Parkinson’s disease | jmgoyder

Small mercies

by jmgoyder

I have just found out that my lifestyle assistant/occupation therapy role in the dementia house of the nursing home where I work part-time will now allow me to feed those residents who can’t feed themselves. I will also be allowed to serve food and drinks (previously a no-no due to the risks of choking/dysphagia) but now that I have seen the training dvd twice, and filled out the dysphagia quiz/questionairre, I am allowed to help, rather than hover, during mealtimes.

Not only that, the three of us who alternate in this role have had our 3-6pm shifts extended by an hour – to 7pm – which is a wonderful idea because it will allow for a more relaxing atmosphere before and after meals.
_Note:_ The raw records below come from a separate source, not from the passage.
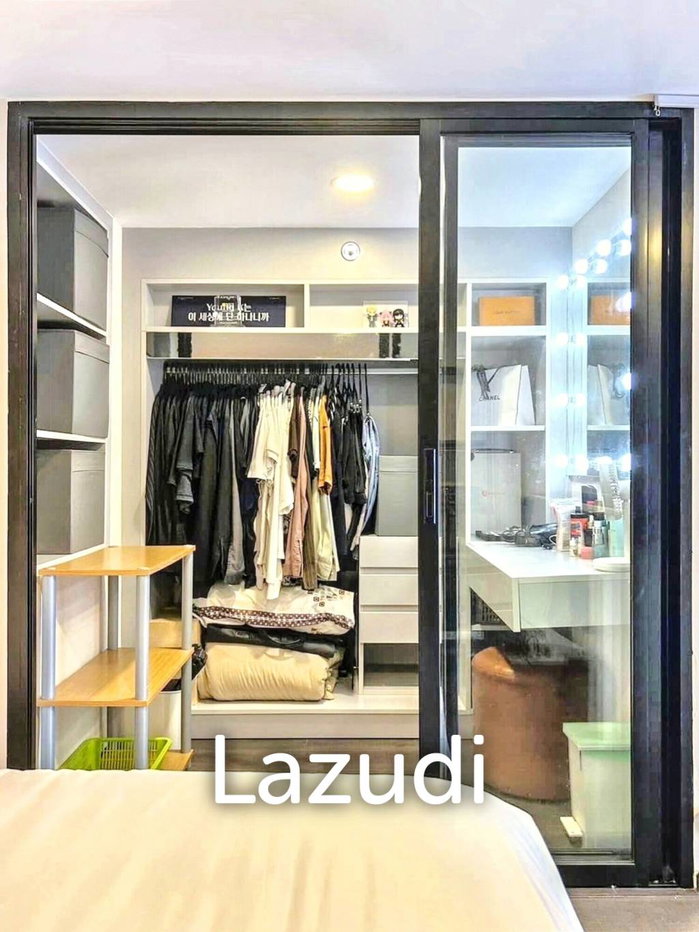 picture 1 Bed 1 Bath 37 SQ.M KnightsBridge Space Ratchayothin - 8/11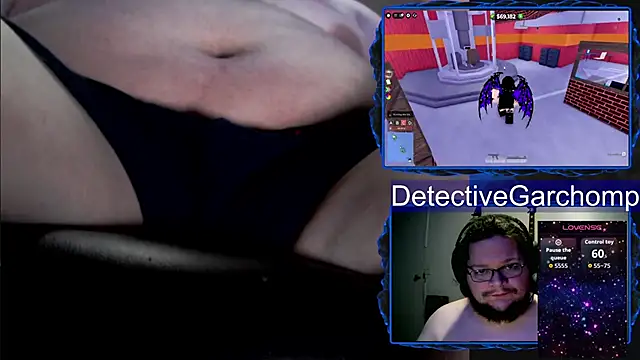 DetChompy online show from May 2026 02:23:01 AM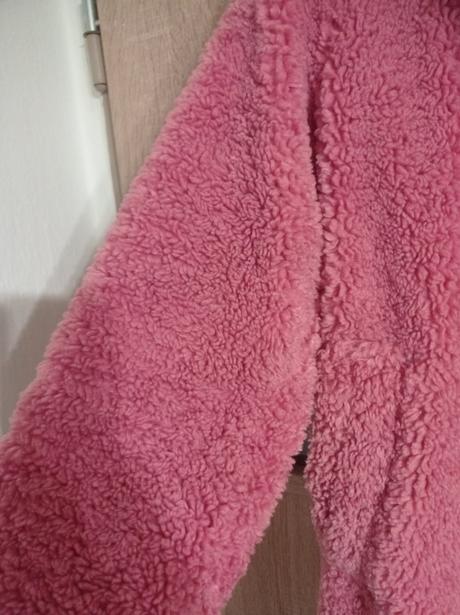 Teddy kabát bershka, bershka,s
I am still finding my feet in this job and today I felt a bit at a loss when the wheelchair walking was limited to inside (due to the heat – 36ish) and, after taking F, Y and B through the inside of the complex, from house to house, I came back to find that M’s daughter had begun a very successful table ball game (rolling a plastic ball to and fro).

M’s daughter is really competent with this game thing, whereas I am still a newbie and not very good at playing games, so I am learning a lot from her. She visits her mother every single day at the same time and when I see her I feel relieved to have her bingo expertise!

It is hard sometimes to find ways to provide entertainment because I am pretty hopeless at card games and jigsaws and arts and craft; I much prefer a conversation and today B and I had a hilarious one.

E, the OT boss, says that to be unhurried is good and to go with the flow is even better but it is harder than I thought it would be to just relax into this role. The unpredictability of how each of the ten women feel each day from 3pm is, of course, the governing cue and if someone is anxious she is the first person I comfort either with a hug or a walk or a conversation. Today, S. was, as usual, crying so I said, “C’mon, S, it’s not that bad!” And she looked up at me, bared her teeth and said, “Okay, Mum!” We all laughed – residents and staff.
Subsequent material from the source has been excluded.